Con estos proyectos a las puertas de su estreno, la cineasta revisita así su relación con el mundo del arte, la moda y también con el pasado (colectivo y personal) mientras reafirma su relevancia una vez más, con su personal (y femenino) lenguaje cinematográfico como el mejor valor añadido para el éxito. Porque hablar del trabajo de Sofia Coppola también pasa por adoptar la dialéctica de una particular estética reconocible al instante: cortinas que filtran una luz opaca, habitaciones silenciosas u chicas que suspiran mientras se preguntan sobre su futuro con una canción de Air o The Cure de fondo. También la de advertir un hecho irrefutable: la directora de cine, guionista, directora creativa y musa de Chanel, además de la hijísima de Francis Ford, es, curiosamente, la más famosa de entre su clan cineasta.
Muchos argumentarán que la suerte ha jugado un papel decisivo en esto, otros que su educación artística es más notable (y se transpira de forma más evidente en sus títulos) y otros, que es un cúmulo de factores encumbrados por el buen ojo y el tremendo buen gusto que se gasta la menor de la familia Coppola. No en vano, Sofia estudió pintura y fotografía en el California Institute of the Arts, conocida por su enfoque experimental y ampliamente creativo, tras lo que se matriculó en el FiT neoyorkino (Fashion Institute of Technology, por sus siglas en inglés). Aunque completó el programa, esta experiencia le dio una nueva perspectiva sobre el diseño de moda, colaborando con marcas como Marc Jacobs y plasmando en sus esa visión introspectiva tan particular (hecha a base de su background en arte, moda y fotografía) que tan evidentemente se refleja en sus proyectos previos antes de su incursión en el cine; desde su fugaz marca propia de moda Milfred, que lanzó en el 94, hasta los vídeos y colaboraciones que dirigió (para The White Stripes o The Flaming Lips).

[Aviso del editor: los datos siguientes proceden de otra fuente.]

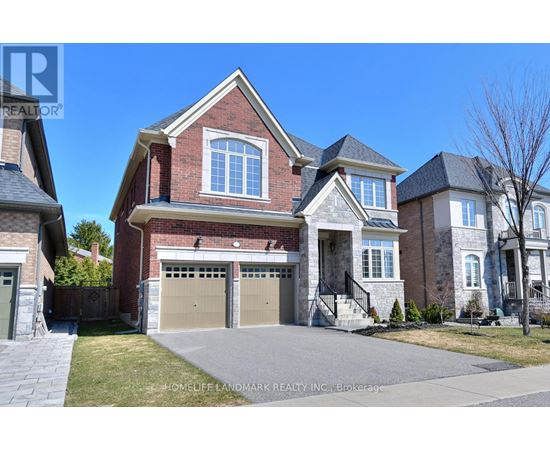 A large brick house with a garage is for sale.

Sin embargo, hay quienes aún ven en la visión de la heredera Coppola un cine “de chicas” o exclusivamente “para chicas”. De hecho, a menudo se califica su estilo como marcadamente ‘femenino’ (o girly, por su definición en inglés), obviando que lo radicalmente diferencial (y visualmente refinado) suele contener también un fuerte componente de emoción subyacente y resiliencia. Como todo lo unido a las mujeres y este género, históricamente se ha desdeñado como frágil (y en ocasiones también superfluo) todo lo reñido con la ‘feminización’ de los discursos, a pesar de alojar generalmente un espíritu de revelación profunda, que (en el particular caso de Coppola) se desvela a lo largo de las historias y en la evolución palpable en sus personajes.
Es el caso de Priscilla, uno de sus últimos éxitos sobre la figura de Priscilla Preysley, pero también de su debut con la adaptación de la novela homónima de Jeffrey Eugenides The Virgin Suicides (1999), donde reflexiona sobre cuestiones como la mirada masculina, la mitificación de la adolescencia o el vacío emocional, o el biopic de Marie Antoinette (2006), donde la directora usa los tonos pastel y elementos como los pasteles y los macarons como un recurso más allá de lo puramente decorativo, sino como un medio de contar el vacío y la alienación de unos jóvenes personajes convertidos en símbolos prematuramente. Mientras, en el caso de Lost in Translation, es la armonía visual la que traslada esa sensación de desconexión emocional y universal que tan bien conecta el otro lado de la pantalla.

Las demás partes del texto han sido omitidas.